WHAT YOU NEED TO DO:
How many lines in the data below include the word "white"? Respond with the number, nothing more.

ENTRIES SHOWN:
◆ ◆ ◆

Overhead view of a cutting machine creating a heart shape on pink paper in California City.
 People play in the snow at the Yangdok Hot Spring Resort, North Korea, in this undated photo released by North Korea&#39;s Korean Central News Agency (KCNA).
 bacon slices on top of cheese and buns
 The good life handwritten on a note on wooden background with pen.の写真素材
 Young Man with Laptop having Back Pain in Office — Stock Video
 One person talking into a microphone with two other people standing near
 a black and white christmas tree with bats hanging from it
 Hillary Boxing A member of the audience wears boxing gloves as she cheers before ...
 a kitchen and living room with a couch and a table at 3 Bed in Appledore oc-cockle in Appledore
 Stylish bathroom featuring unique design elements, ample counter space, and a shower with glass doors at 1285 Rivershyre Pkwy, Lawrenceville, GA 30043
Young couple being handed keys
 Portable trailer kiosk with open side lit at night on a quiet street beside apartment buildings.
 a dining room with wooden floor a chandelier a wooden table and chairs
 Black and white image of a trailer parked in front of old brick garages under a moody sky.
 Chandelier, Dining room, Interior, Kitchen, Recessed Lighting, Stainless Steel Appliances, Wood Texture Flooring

◆ ◆ ◆

WRITTEN SOLUTION:
2